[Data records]
------------------------------------

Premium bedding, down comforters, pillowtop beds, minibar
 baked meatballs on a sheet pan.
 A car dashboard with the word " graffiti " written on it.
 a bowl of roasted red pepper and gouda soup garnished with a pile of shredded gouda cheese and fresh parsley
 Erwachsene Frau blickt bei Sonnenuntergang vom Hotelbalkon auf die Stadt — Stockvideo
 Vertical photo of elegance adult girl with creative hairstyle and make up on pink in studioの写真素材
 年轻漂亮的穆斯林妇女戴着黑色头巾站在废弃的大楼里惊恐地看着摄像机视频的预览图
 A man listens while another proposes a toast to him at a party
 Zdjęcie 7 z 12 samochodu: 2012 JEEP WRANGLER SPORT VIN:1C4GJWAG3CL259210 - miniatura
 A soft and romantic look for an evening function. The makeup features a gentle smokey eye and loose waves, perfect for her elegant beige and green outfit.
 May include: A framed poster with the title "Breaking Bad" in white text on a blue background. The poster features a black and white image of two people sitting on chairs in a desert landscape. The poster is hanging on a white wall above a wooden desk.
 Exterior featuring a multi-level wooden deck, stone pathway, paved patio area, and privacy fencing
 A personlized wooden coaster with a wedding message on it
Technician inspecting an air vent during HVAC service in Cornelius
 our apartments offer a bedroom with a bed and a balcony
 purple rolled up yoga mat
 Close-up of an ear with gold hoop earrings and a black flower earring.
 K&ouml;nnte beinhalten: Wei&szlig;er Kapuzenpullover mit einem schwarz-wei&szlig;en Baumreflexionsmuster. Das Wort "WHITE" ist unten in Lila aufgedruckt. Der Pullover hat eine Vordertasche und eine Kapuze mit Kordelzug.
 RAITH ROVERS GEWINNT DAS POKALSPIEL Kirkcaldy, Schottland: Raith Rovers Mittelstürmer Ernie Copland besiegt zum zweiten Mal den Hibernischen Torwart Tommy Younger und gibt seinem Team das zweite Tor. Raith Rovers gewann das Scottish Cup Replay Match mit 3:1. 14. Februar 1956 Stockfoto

------------------------------------

* [Task requirements] An exact copy of the lines from the one with "our apartments offer" through the final line of the entries is the whole answer.

* [Solution]
 our apartments offer a bedroom with a bed and a balcony
 purple rolled up yoga mat
 Close-up of an ear with gold hoop earrings and a black flower earring.
 K&ouml;nnte beinhalten: Wei&szlig;er Kapuzenpullover mit einem schwarz-wei&szlig;en Baumreflexionsmuster. Das Wort "WHITE" ist unten in Lila aufgedruckt. Der Pullover hat eine Vordertasche und eine Kapuze mit Kordelzug.
 RAITH ROVERS GEWINNT DAS POKALSPIEL Kirkcaldy, Schottland: Raith Rovers Mittelstürmer Ernie Copland besiegt zum zweiten Mal den Hibernischen Torwart Tommy Younger und gibt seinem Team das zweite Tor. Raith Rovers gewann das Scottish Cup Replay Match mit 3:1. 14. Februar 1956 Stockfoto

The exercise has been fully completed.